Re: [RFC][v3] documentation on filesystem exposure to RCU pathwalk from fs maintainers' POV

[Date Prev][Date Next][Thread Prev][Thread Next][Date Index][Thread Index]

 



Hello Al,

I'm not a VFS/FS person, but just wanted to suggest proper formatting
of footnotes in ReST.

On Tue, 27 Feb 2024 03:04:59 -0500, Al Viro wrote:
...
> On Mon, Feb 26, 2024 at 01:35:12PM -0500, Al Viro wrote:
>> Updated variant follows.  Changes since the previous:
>> * beginning has been rewritten
>> * typos spotted by Randy should be fixed
>> * dumb braino in "opt out" part fixed (->d_automount is irrelevant, it's
>> ->d_manage one needs to watch out for)
>> * a stale bit in discussion of ->permission() ("currently (6.5) run afoul")
>> updated (to "did (prior to 6.8-rc6) run afoul").
>> * I gave up on ReST footnotes and did something similar manually.
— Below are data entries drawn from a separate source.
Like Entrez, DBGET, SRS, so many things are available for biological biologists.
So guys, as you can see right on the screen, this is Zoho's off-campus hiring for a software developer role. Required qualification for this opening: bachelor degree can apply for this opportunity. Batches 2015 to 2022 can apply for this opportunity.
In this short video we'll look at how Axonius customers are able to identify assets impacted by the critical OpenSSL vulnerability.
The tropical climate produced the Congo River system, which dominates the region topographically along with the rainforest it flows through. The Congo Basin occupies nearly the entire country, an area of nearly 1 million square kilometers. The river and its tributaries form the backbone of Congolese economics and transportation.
But first, one of enumerated lists here:

> Opting out
> ==========
> 
> To large extent a filesystem can opt out of RCU pathwalk; that loses all
> scalability benefits whenever your filesystem gets involved in pathname
> resolution, though.  If that's the way you choose to go, just make sure
> that
> 
> 1. any non-default ->d_revalidate(), ->permission(), ->get_link() and
> ->get_inode_acl() instance bails out if called by RCU pathwalk (see below
> for details).  Costs a couple of lines of boilerplate in each.
> 
> 2. if some symlink inodes have ->i_link set to a dynamically allocated
> object, that object won't be freed without an RCU delay.  Anything
> coallocated with inode is fine, so's anything freed from ->free_inode().
> Usually comes for free, just remember to avoid freeing directly
> from ->destroy_inode().
> 
> 3. any ->d_hash() and ->d_compare() instances (if you have those) do
> not access any filesystem objects.
> 
> 4. there's no ->d_manage() instances in your filesystem.
>
> If your case does not fit the above, the easy opt-out is not for you.
> If so, you'll have to keep reading...

is not recognized by Sphinx due to missing indents.
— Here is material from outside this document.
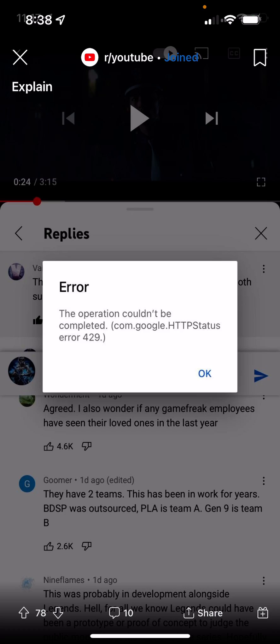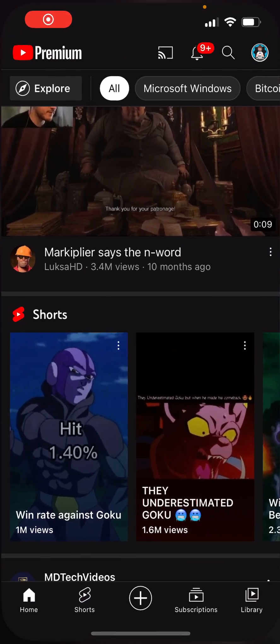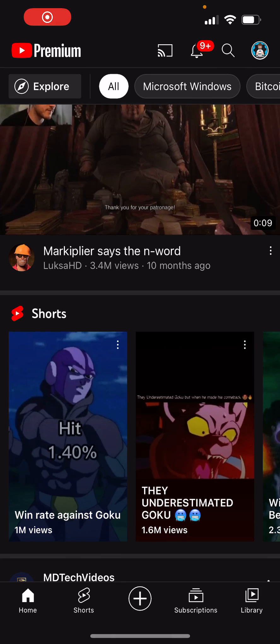I want to show you a couple of different ways to fix this. The first thing I would recommend is going to YouTube itself and restarting the app — just basically turning it off and turning it back on — and see if that helps.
You need to indent each item as shown bellow:

----------8-<---------------
Opting out
==========

To large extent a filesystem can opt out of RCU pathwalk; that loses all
scalability benefits whenever your filesystem gets involved in pathname
resolution, though.  If that's the way you choose to go, just make sure
that

1. any non-default ->d_revalidate(), ->permission(), ->get_link() and
   ->get_inode_acl() instance bails out if called by RCU pathwalk (see below
   for details).  Costs a couple of lines of boilerplate in each.

2. if some symlink inodes have ->i_link set to a dynamically allocated
   object, that object won't be freed without an RCU delay.  Anything
   coallocated with inode is fine, so's anything freed from ->free_inode().
   Usually comes for free, just remember to avoid freeing directly
   from ->destroy_inode().

3. any ->d_hash() and ->d_compare() instances (if you have those) do
   not access any filesystem objects.

4. there's no ->d_manage() instances in your filesystem.

If your case does not fit the above, the easy opt-out is not for you.
If so, you'll have to keep reading...
----------8-<---------------

Missing indents is also the reason why your footnotes didn't work as you
expected.

Diff below partially reverts your v2 changes WRT footnotes and does
proper indents in footnote contents area.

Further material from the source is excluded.